Making database operations oblivious does not pose a great algorithmic challenge in many instances, but one common database operation — the join operator — has proven difficult to make oblivious. In fact, since the first paper describing this problem was published in 2006, no solution has been satisfactory until Simeon’s work that not only cracked the problem but did so elegantly.
“Making the sort-merge algorithm secure meant it had to be made oblivious, ensuring its decisions about which memory locations to access do not depend on the contents of its input data,” said Professor Douglas Stebila, Simeon’s co-supervisor and a Professor in the Department of Combinatorics and Optimization. “This is difficult to do without introducing substantial computational overhead. Yet Simeon developed an oblivious algorithm for binary database joins with a run time that matches that of the standard non-oblivious sort-merge join algorithm. Any model of computation that can support a sorting network on encrypted data can also support his algorithm.”
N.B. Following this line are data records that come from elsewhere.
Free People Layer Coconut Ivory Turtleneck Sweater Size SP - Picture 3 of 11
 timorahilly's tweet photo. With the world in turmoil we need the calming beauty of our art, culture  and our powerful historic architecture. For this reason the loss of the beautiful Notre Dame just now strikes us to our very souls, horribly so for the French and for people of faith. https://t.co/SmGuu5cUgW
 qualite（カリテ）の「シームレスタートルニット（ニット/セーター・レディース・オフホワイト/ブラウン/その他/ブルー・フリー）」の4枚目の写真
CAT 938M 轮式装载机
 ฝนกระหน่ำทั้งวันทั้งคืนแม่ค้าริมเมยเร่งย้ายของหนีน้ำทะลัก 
The research team of cryptographers has tested a working prototype of the oblivious algorithm, which consists of just around 600 lines of C++ code, as well as a version that uses Intel SGX.
A future application will be to apply the logic behind this algorithm to purely cryptographic problems that require similar kinds of operations. A number of database operations are very similar to joins in their computational complexity and the newly introduced oblivious primitives used in the join algorithm could potentially be applied to those as well.
“Both Douglas and I are in awe of Simeon’s breakthrough,” Professor Kerschbaum said. “His solution is scalable to the optimal complexity, it is provably leakage free, it supports the full functionality of equi-joins, and requires no random access memory. All that and its practical efficiency is already extremely good, much better than anything else. It’s an impressive solution to a long-standing problem.”